> [Exercise objective]
Go through the data below line by line and report how many lines contain "from", giving only that figure.

===============

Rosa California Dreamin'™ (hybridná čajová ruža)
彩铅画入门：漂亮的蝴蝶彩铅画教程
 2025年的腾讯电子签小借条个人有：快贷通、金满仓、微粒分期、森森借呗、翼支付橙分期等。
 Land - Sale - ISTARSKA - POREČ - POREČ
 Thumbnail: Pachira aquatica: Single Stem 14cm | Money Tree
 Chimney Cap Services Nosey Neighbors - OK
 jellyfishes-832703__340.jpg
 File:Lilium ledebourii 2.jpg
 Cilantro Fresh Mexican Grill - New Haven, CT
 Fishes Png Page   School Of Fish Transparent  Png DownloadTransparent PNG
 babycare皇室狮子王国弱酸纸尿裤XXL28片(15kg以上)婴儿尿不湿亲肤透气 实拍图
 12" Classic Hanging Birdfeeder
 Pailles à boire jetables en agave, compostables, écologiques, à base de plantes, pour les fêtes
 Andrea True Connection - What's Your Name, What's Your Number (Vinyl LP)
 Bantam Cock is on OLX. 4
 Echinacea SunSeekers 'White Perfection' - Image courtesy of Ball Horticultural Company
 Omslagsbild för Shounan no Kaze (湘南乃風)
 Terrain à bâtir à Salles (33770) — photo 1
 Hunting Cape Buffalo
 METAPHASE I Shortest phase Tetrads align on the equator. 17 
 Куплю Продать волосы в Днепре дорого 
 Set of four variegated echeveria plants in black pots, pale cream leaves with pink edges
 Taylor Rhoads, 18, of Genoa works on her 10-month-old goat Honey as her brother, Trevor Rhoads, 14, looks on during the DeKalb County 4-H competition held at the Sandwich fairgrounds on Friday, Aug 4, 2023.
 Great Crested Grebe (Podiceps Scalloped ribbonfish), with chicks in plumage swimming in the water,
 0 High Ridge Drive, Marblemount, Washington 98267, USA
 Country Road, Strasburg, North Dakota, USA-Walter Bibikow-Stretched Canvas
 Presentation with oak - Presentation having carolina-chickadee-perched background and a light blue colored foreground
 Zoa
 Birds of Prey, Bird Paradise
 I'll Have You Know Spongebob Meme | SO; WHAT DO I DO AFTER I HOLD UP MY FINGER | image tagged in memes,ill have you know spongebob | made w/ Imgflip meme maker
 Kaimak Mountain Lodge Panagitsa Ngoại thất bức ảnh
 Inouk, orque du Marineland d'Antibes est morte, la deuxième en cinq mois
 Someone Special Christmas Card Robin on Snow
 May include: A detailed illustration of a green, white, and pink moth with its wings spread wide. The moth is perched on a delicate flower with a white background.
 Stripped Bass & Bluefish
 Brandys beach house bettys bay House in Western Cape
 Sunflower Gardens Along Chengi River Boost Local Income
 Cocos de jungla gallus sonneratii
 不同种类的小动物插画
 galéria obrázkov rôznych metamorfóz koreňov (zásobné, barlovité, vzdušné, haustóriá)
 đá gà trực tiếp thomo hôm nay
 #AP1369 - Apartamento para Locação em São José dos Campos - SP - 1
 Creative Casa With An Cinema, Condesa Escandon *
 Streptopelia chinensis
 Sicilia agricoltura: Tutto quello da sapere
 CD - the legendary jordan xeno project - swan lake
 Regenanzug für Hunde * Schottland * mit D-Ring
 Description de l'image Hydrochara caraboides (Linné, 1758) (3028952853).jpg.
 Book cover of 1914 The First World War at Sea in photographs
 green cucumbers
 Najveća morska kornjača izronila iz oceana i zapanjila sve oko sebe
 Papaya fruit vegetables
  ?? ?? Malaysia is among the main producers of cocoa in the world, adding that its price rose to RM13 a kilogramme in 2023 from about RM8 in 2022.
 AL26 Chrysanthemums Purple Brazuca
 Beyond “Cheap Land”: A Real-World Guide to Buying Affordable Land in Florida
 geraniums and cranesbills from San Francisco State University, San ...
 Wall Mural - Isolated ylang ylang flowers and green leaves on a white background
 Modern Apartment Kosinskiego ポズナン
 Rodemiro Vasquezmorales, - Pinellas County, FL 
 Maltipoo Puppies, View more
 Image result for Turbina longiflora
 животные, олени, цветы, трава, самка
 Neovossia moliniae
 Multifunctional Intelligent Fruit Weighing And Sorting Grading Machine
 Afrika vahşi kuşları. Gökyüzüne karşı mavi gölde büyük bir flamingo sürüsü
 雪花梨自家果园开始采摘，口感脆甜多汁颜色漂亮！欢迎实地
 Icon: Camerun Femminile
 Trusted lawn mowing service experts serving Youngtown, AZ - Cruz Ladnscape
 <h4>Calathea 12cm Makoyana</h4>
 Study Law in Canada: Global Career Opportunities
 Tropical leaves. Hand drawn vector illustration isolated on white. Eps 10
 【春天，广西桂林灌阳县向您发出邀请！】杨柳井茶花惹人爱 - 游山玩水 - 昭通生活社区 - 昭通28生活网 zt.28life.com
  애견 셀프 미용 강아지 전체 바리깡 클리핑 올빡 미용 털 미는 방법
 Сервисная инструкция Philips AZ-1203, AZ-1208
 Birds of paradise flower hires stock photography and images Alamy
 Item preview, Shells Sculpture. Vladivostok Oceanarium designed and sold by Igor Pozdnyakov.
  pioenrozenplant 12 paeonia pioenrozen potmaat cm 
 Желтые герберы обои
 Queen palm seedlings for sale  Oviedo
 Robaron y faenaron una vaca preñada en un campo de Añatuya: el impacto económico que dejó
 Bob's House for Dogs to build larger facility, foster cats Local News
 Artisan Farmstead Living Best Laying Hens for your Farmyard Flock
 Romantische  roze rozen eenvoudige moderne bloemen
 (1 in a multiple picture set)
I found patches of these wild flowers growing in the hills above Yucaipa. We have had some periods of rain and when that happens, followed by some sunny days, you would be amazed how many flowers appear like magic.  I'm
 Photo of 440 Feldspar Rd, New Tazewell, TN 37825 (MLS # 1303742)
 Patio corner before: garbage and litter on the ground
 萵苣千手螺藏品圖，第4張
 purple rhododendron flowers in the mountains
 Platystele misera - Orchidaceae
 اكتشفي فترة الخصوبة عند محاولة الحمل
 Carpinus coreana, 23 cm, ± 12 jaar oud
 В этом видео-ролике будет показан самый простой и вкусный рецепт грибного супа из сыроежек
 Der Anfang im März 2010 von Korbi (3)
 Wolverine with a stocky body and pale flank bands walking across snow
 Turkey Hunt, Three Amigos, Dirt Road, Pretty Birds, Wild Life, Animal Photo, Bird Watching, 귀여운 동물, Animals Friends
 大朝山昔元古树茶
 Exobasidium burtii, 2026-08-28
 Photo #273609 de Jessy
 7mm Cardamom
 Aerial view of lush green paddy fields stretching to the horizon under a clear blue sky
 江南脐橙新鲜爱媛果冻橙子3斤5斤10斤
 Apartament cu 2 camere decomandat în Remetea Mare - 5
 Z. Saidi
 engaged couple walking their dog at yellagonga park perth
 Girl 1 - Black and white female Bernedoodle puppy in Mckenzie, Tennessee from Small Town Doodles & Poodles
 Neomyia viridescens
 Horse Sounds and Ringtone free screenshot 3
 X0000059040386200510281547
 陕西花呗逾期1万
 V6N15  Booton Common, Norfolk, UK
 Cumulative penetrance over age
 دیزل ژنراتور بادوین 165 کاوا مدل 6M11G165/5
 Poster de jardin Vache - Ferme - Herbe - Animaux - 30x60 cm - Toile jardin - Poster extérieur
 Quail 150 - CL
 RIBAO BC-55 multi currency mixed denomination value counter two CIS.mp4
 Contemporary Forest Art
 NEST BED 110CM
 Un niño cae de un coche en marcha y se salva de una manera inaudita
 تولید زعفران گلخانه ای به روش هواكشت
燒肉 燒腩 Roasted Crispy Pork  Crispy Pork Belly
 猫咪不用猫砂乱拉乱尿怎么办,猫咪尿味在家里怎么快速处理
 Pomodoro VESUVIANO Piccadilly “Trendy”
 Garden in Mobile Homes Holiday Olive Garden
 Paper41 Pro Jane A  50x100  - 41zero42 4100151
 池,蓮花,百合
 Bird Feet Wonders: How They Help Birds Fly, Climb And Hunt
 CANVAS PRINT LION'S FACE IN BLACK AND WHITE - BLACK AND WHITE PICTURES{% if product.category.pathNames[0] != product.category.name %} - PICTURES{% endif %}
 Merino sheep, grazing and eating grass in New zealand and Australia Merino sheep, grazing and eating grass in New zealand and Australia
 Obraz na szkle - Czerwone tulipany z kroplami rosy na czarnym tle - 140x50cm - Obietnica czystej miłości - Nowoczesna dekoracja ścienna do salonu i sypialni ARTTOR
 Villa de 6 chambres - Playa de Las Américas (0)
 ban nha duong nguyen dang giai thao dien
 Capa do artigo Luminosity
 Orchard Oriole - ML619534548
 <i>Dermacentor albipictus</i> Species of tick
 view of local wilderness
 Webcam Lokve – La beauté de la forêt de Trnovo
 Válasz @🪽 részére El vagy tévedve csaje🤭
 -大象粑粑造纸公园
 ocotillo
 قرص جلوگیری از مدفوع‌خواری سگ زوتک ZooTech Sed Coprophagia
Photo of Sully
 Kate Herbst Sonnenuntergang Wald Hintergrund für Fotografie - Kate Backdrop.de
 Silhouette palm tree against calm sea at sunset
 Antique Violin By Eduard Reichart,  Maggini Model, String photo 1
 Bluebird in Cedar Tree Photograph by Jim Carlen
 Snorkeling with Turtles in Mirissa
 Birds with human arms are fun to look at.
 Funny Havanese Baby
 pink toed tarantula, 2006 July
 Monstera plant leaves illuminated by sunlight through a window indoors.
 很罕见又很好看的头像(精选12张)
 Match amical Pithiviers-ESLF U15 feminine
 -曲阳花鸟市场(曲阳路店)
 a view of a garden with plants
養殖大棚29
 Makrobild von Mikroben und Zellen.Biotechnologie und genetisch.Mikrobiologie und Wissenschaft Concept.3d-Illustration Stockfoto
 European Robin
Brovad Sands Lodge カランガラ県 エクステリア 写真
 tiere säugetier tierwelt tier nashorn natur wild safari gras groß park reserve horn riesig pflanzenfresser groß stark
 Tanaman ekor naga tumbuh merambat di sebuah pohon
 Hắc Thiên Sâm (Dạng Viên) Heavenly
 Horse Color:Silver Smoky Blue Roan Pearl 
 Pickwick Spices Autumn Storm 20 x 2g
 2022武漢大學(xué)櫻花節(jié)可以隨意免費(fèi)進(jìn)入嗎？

===============

> [Solution to this exercise]
3